• **Scraped caption text data**:
====
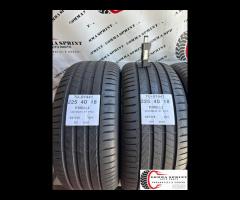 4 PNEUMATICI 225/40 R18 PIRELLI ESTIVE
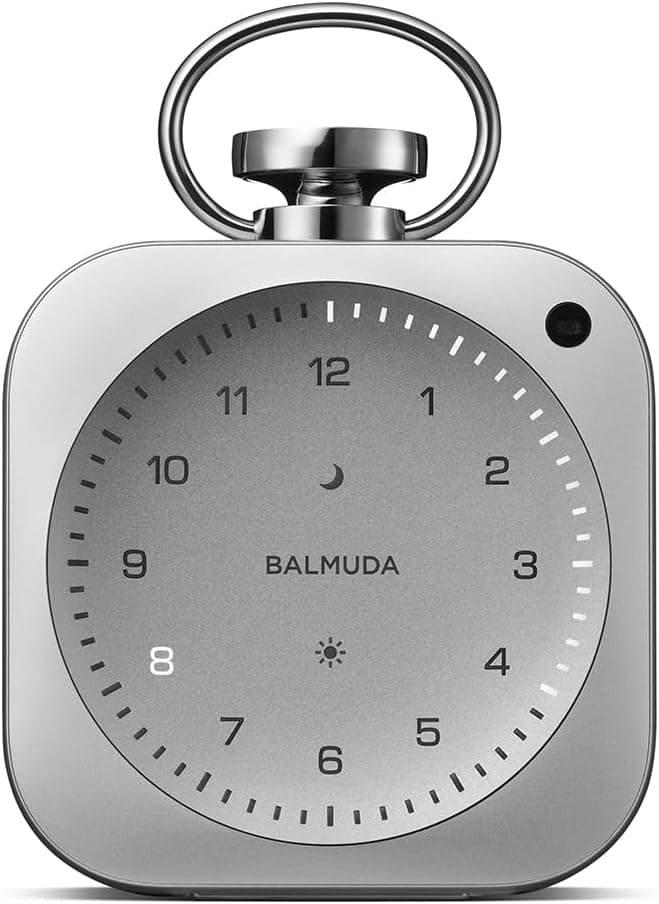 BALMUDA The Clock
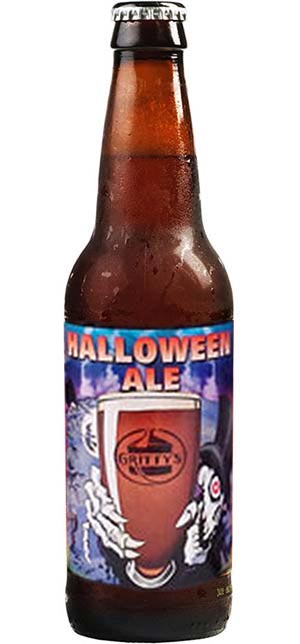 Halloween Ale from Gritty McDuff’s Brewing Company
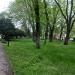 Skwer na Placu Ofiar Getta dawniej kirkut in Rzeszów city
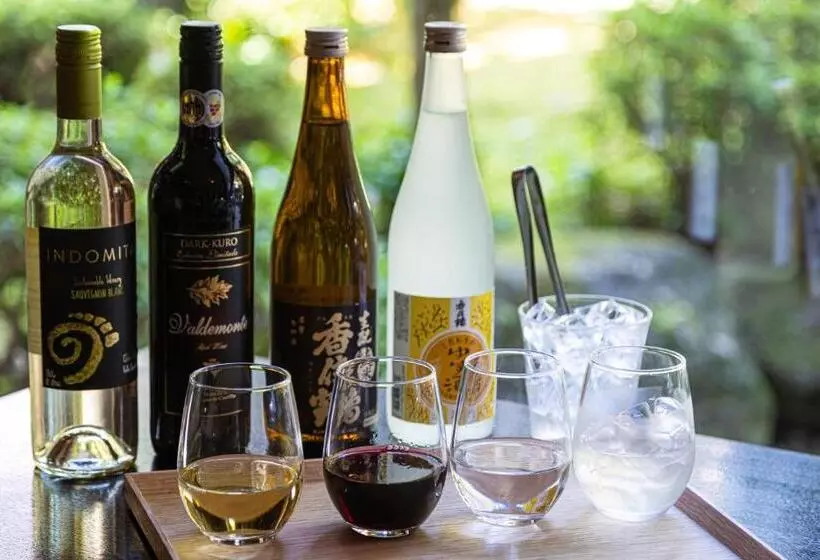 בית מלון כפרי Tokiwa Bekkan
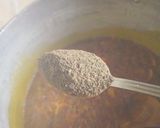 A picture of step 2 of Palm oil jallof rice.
====
• **Problem**:
Only the records, copied exactly and free of pictures, belong in the answer.

• **Task result**:
 4 PNEUMATICI 225/40 R18 PIRELLI ESTIVE
 BALMUDA The Clock
 Halloween Ale from Gritty McDuff’s Brewing Company
 Skwer na Placu Ofiar Getta dawniej kirkut in Rzeszów city
 בית מלון כפרי Tokiwa Bekkan
 A picture of step 2 of Palm oil jallof rice.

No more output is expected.